/pipes

Complex data processing flows in Go

Primary LanguageGoApache License 2.0Apache-2.0

PIPES: Processing In Pipeline-Embedded Stages

PIPES is a library that allows to dynamically connect multiple pipeline stages that are communicated via channels. Each stage will run in a goroutine. Its main use case is the creation of Extract-Transform-Load (ETL) components, such as data cleaners or monitoring agents.

It is a fork version of the Red Hat's & IBM Gopipes library, but this library is not related to any concrete product.

This library allows wrapping functions within Nodes of a connected Graph. In order to pass data across the nodes, each wrapped function must receive, as arguments, an input channel, an output channel, or both.

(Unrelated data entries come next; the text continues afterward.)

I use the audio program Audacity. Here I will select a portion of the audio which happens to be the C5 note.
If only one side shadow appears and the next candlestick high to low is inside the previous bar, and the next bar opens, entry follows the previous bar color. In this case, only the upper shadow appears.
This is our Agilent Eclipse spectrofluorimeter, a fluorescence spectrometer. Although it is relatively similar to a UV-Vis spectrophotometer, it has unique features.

There are three types of nodes:

  • Start node: each of the starting point of a graph. This is, all the nodes that bring information from outside the graph: e.g. because they generate them or because they acquire them from an external source like a Web Service. A graph must have at least one Start node. A Start node must have at least one output node.
  • Middle node: any intermediate node that receives data from another node, processes/filters it, and forwards the data to another node. A Middle node must have at least one output node.
  • Final node: any node that receives data from another node and does not forward it to another node, but can process it and send the results to outside the graph (e.g. memory, storage, web...)

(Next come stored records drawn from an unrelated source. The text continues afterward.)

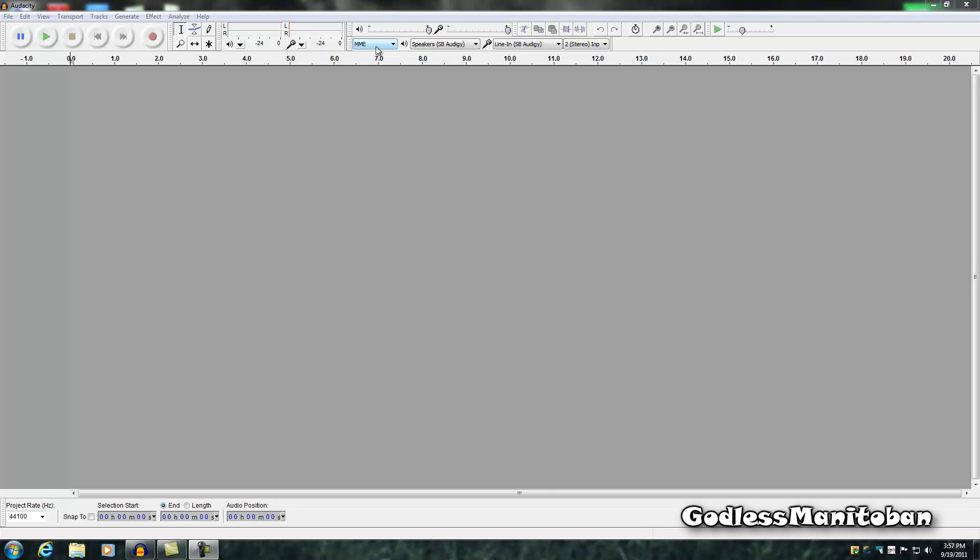You're going to want to check and make sure you've got the settings correct. This MME is fine for audio host. For the output device, usually just leave it on your speakers so you can listen in to see how the recording is going. And then line in is what we're using.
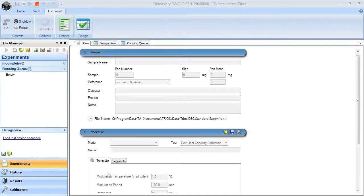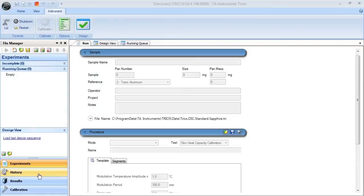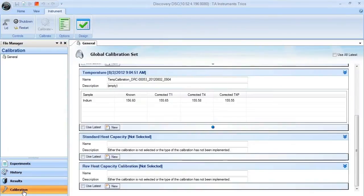To collect and analyze the calibration data files for sapphire on a modulated DSC experiment, you first need to select the calibration button. It will bring you to a calibration data set here.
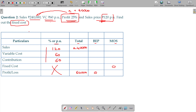So contribution per unit = 120 minus 60 = 60. You are aware of the same for total, BEP, MOS, and sales columns. So we got the answer here.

Nodes are instantiated, assigned and connected via an API formed by:

  • A NodesMap interface whose implementing objects defines the variables pointing to the nodes and how they are interconnected via its Connect() method.
  • A pipeline Builder that receives how to instantiate each node and where in the NodesMap object to store it.
  • A pipeline Runner that is created from the builder, and manages the execution lifecycle of all the nodes.